The Beginning of the Oil Boom

It is a well-known fact that Texas underwent what is called the Texas oil boom or sometimes the gusher age. It was a time when Texas experienced some dramatic and impressive changes along with economic growth during the early 20th century. It all started with a discovery of a large petroleum reserve in Beaumont, Texas. Not only was the discovery unexpected and unprecedented in size but paved a way for Texas into the rapid regional development and industrialization. 

Such examples are very rarely seen in the history of the United States. It wouldn’t take long for Texas to become one of the largest oil producers for the United States in addition to Oklahoma and California. Soon, the nation overtook the Russian empire interms of the biggest producer of petroleum. By 1940, Texas had dominated the entire oil production taking place in the United States. 

Although the major petroleum strikes took place in Southeast Texas that led to the exploration and speculation of further petroleum sources but soon enough more reserves were discovered across Texas and wells were constructed in North Texas, East Texas, and the Permian Basin in West Texas. During the 19th century, Texas was working with limited reserves discovered but the strike at Spindletop in 1901 near Beaumont not only received international attention but triggered exploration and speculation that continued through the 1920s. 

Historians credit the strikes of Spindletop and the Joiner in East Texas for changing Texas’s course of history. Apart from the discovery of the oil reserves, not many people had imagined that Texas would go through such a spectacular transformation effect and phase. At nearly the century’s end, the state was rural with no large cities. 
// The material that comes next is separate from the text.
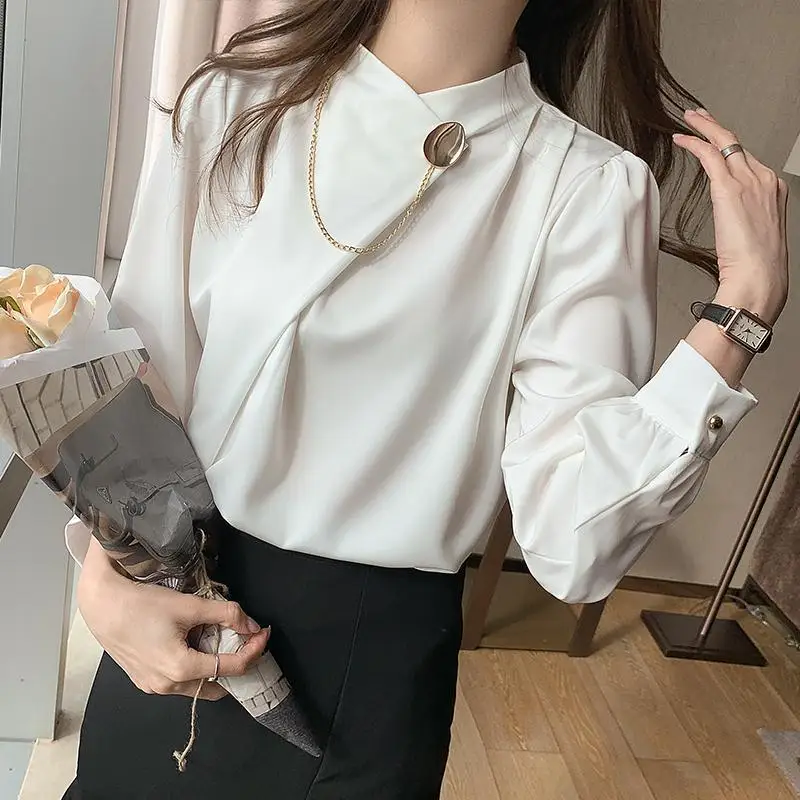 Autumn Korean Irregular Solid Color Satin O-neck Long Sleeve Blouse Women Clothes Temperament Chain Chiffon Shirts Ladies Tops
Autumn Korean Irregular Solid Color Satin O-neck Long Sleeve Blouse Women Clothes Temperament Chain Chiffon Shirts Ladies Tops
By the end of World War II, the state became heavily industrialized and the population of Texas grew to the extent where the state ranked amongst the top 20 nationally. Houston proved to be the biggest beneficiary of the boom and the Houston area became the largest concentration of refineries and petrochemical plants in the world. Following the era, Houston went from being a small commercial center in 1900 to one of the largest cities in the United States. 

Time Frame

Texas oil discovery and boom did not take place overnight. Instead, there were several events during the 19th century that sparked the beginning of oil-related growth. The earliest discovery was the Corsicana oil field in 1984. Nevertheless, many historians believe that the Spindletop strike in 1901 was and still is the most productive petroleum well ever found. 

Following the years, the world would observe Texas go through a phase of rapid growth and development. By the 1940s, the Texas Railroad Commission was given the responsibility to regulate the production and supply of oil in Texas and worked to eliminate most of the wild price swings that commonly occurred at the time. 

As a result, many boomtowns such as Wortham saw their booms begin in the 1920s and soon end during the late 1920s and early 30s due to the collapse of local economies, which was a direct result of their dependence on relatively limited petroleum reservoirs. As the production peaked in the smaller fields and the Great Depression lowered the demand, it caused the investors to flee. 

By the end of World War II, development and growth in major manufacturing centers such as Beaumont, Houston, and Dallas continued at different levels. However, as the war ended, the economies of the major urban areas of the state had matured. 

Early History of Petroleum

It all began with Abraham Gesner who in the 1850s invented the process of distilling kerosene from petroleum. As a result, the demand for petroleum as a fuel for lightning grew. This gave rise to petroleum exploration and soon the Russian Empire dominated the world particularly the Branobel company located in Azerbaijan, taking the lead in production by the end of the 19th century. Then, in 1859, Edwin Drake from Pennsylvania introduced the process of drilling oil from deep within the earth. 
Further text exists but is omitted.